Fixing a corner case with method patterns

24 views
Skip to first unread message

Bob Nystrom

unread,
May 5, 2012, 5:31:45 PM5/5/12
to magpi...@googlegroups.com
One of the things I like about Magpie is how it uses patterns,
records, and destructuring both for things like pattern matching but
also for method parameters. Getting a lot of mileage out of a few
primitives is good, so once you have records/tuples, you might as well
use them for argument lists, right?

So far, it's worked pretty well. However, there is one corner case of
how patterns and records work that bugs me. Let me walk through some
examples. Consider this simple method:

def takeTwo(a, b)
print(a + " " + b)
end

If we call it like this:

takeTwo(1, 2)

It prints "1 2" just like we expect. If we call it with extra arguments:

takeTwo(1, 2, 3)

It *still* prints "1 2". The "a, b" pattern that the method uses for
its argument is destructuring the "1, 2, 3" record and it only cares
about the first two fields.

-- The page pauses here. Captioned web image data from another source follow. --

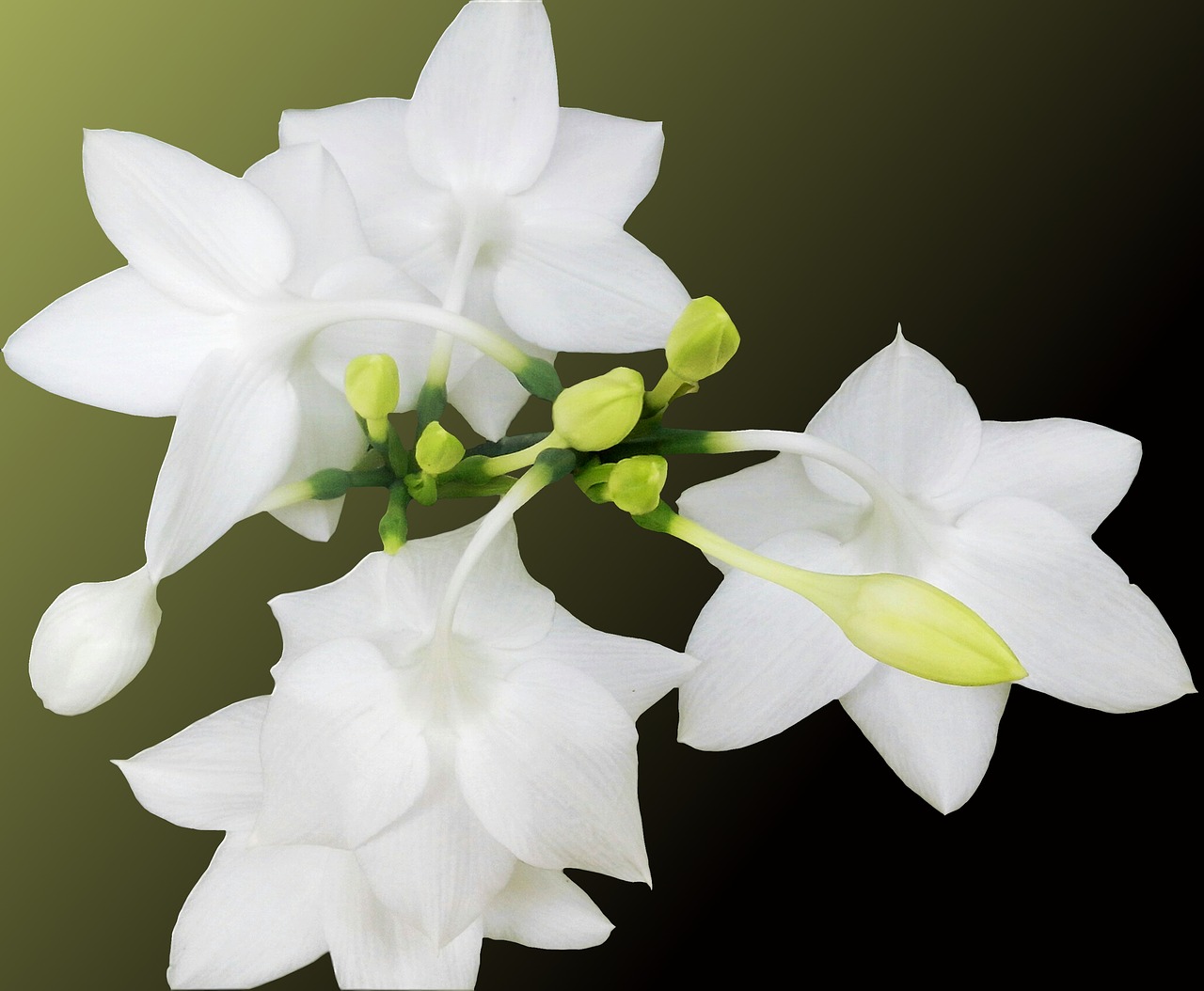 white flower flower spring free photo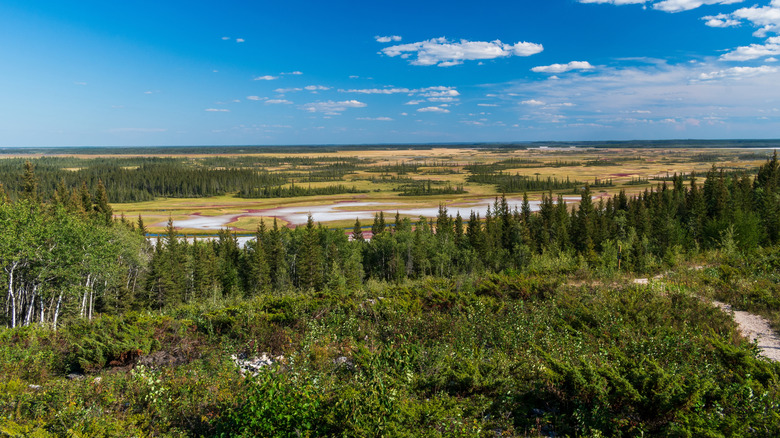 Vista aérea del paisaje del Parque Nacional Wood Buffalo en Alberta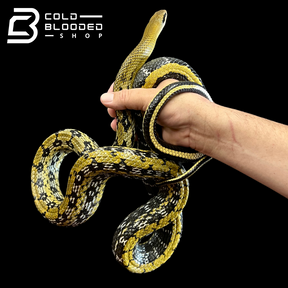 Adult Female Taiwan Beauty Rat Snake - Orthriophis taeniura - Cold Blooded Shop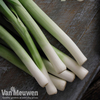 Leek 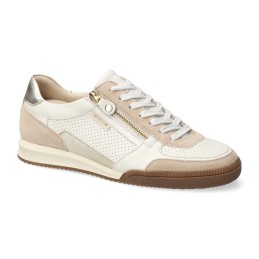 walie beige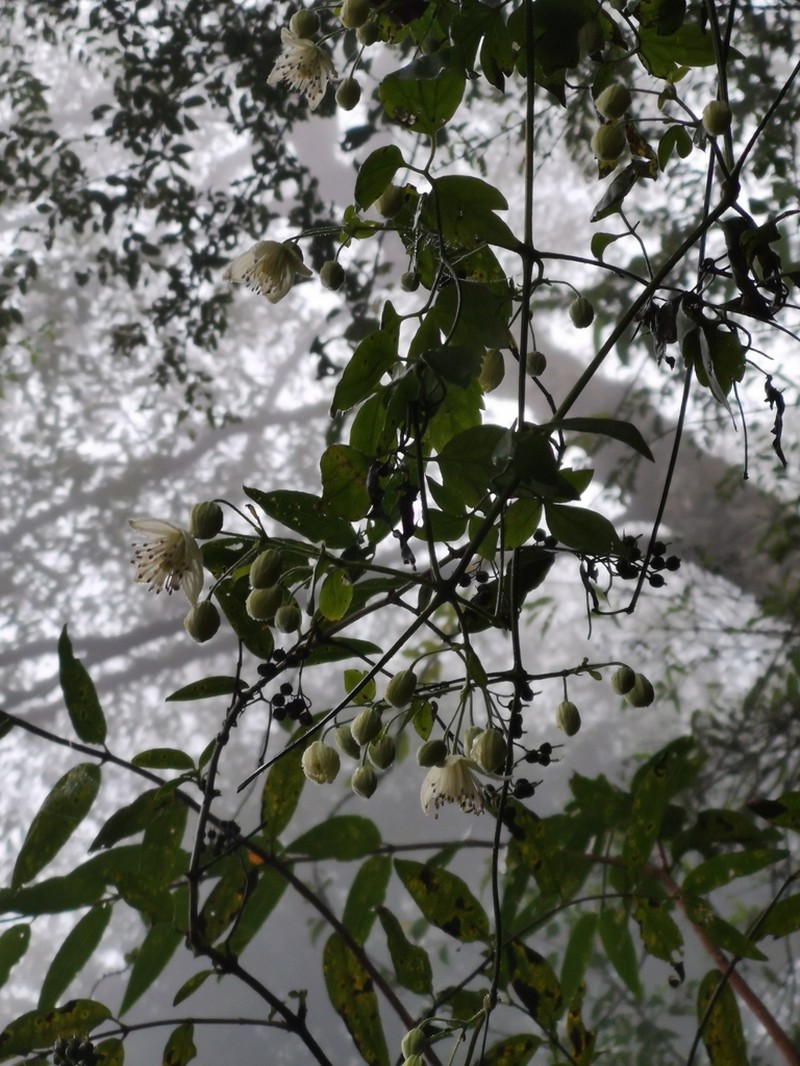 Clematis parviloba photo 5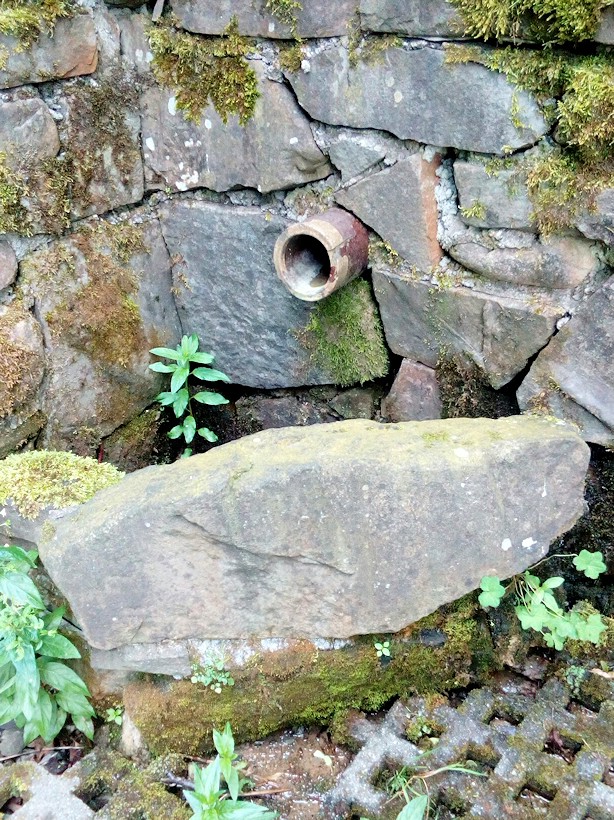 studánka Polanka (11507) - červenec 2017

I think this is generally pretty cool.
After all, the record we're passing to it *does* have the fields that
takeTwo expects, it just happens to have some extra ones which get
ignored.

What happens if we don't give it enough?

takeTwo(1)

Here, we get a NoMethodError. That's good too. takeTwo() requires a
record with two fields, and it can't be invoked if we don't meet its
requirements. No weird "undefined" arguments like JS.

So far, I think these semantics are fine. Now let's change it a bit:

def takeOne(a)
print("<" + a + ">")
end

If we call it like this:

takeOne(1)

It of course prints "<1>". What happens if we give it too many?

takeOne(1, 2)

If you guessed "<1>", you unfortunately guessed wrong. It prints "<1,
2>". We pass a single argument (the record "1, 2") to takeOne() and
its pattern ("a") just binds that to a variable. There's no
destructuring at all since "a" is just a simple variable pattern, so
we bind the entire record to that variable.

I think the ability to have records be first-class is good. But I
think the default behavior here is surprising and unpleasant.

For completeness, let's take another example, passing too few arguments:

takeOne()

Are you expecting NoMethodError? Again, you'd be wrong. Here we're
still passing an argument to takeOne(), the implicit (but still very
real) value "nothing", which is basically Magpie's "null". "nothing"
is a perfectly cromulent object, and variable patterns like "a" in
takeOne() bind to it with no problems. So here, we just pass "nothing"
to takeOne(), which then prints "<nothing>".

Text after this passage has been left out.